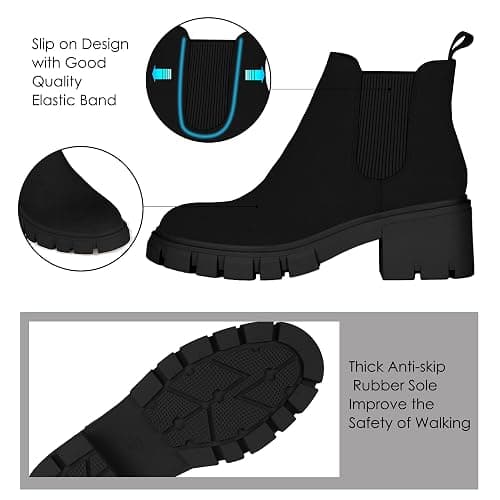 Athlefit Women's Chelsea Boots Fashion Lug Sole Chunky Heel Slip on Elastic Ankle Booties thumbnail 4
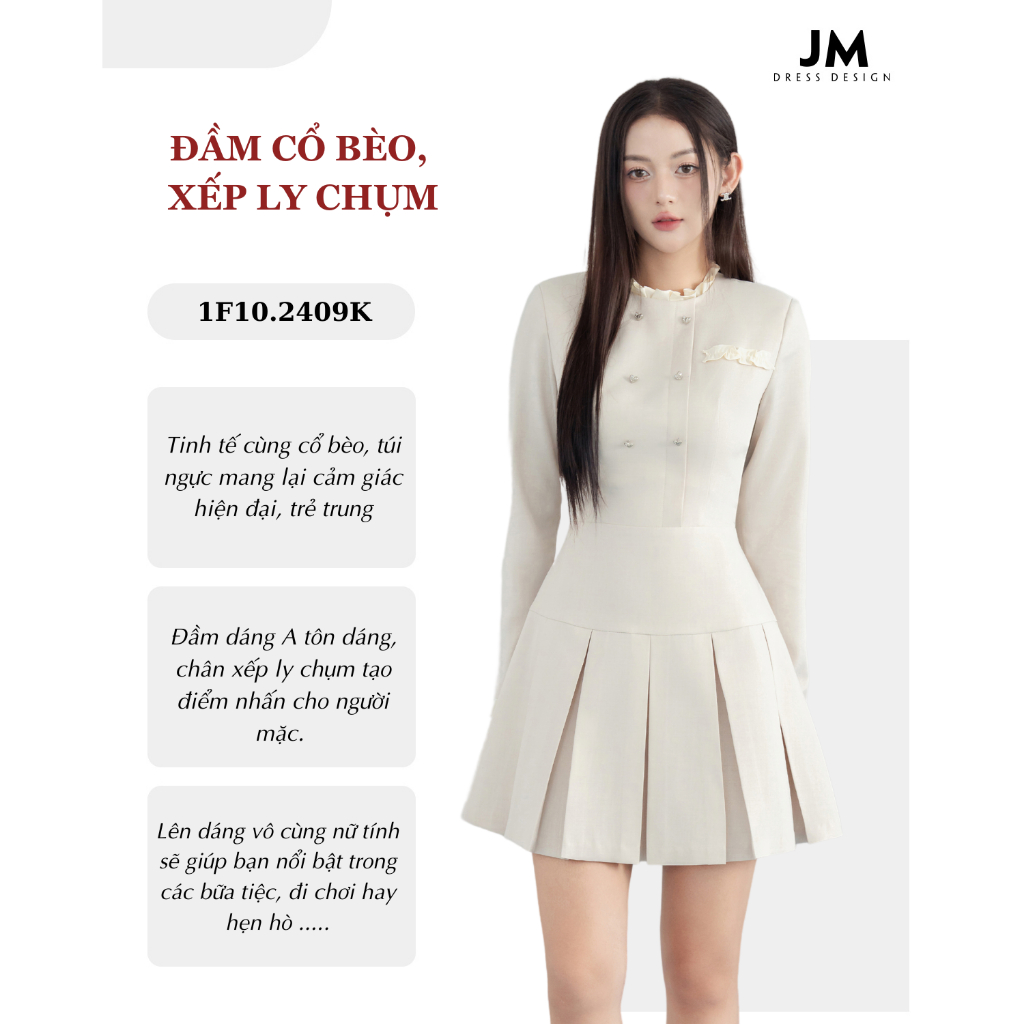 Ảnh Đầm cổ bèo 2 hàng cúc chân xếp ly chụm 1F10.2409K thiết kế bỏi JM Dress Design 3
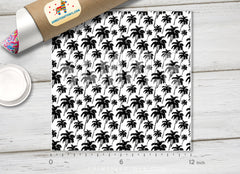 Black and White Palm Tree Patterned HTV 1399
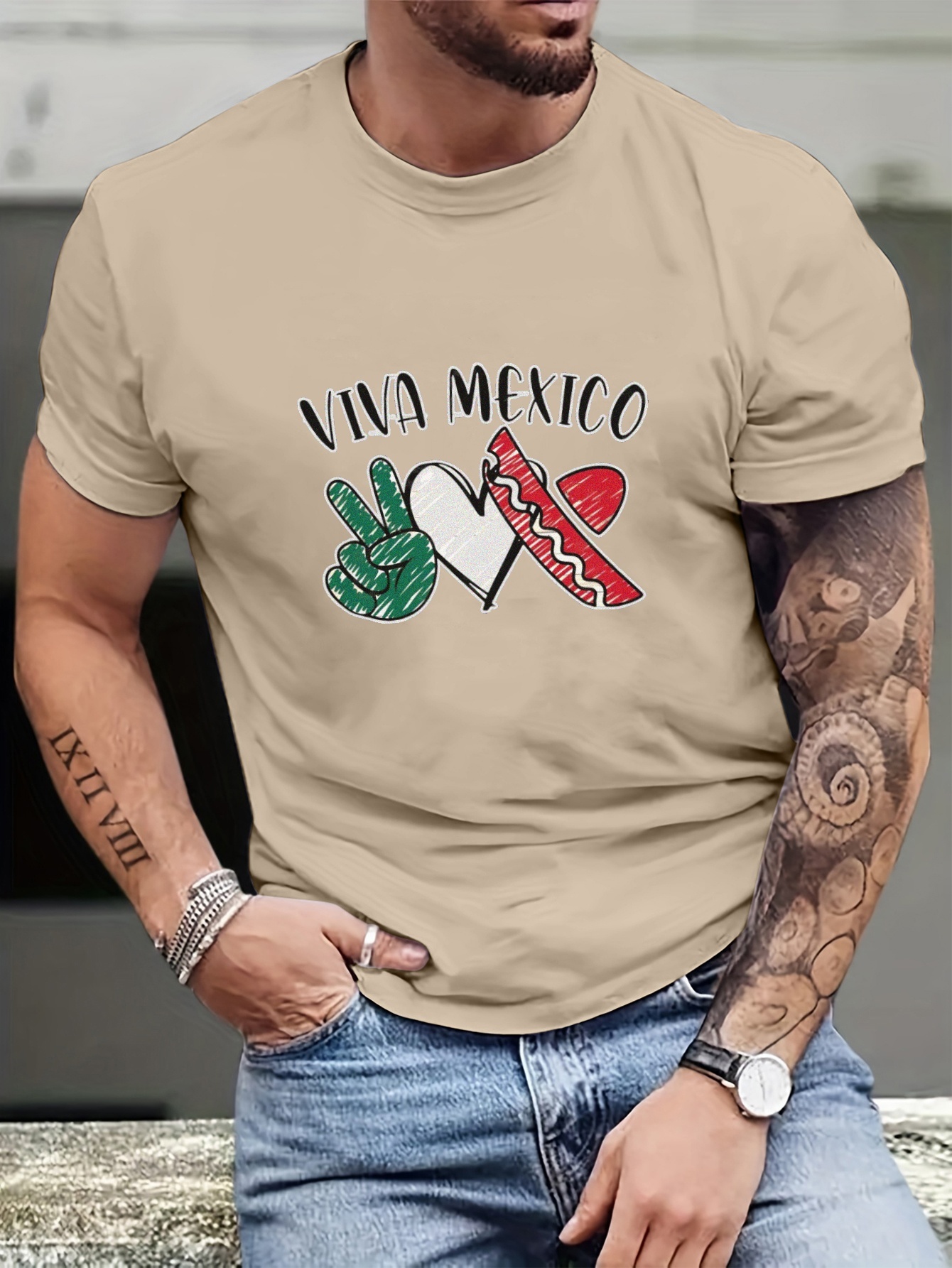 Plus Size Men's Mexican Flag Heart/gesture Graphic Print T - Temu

Task requirements:
Transcribe only the lines from the line holding "Black and White Palm Tree Patterned HTV 1399" to the final line of the listing above. Keep them exact, include both ends, and skip the pictures.

Final answer:
 Black and White Palm Tree Patterned HTV 1399
 Plus Size Men's Mexican Flag Heart/gesture Graphic Print T - Temu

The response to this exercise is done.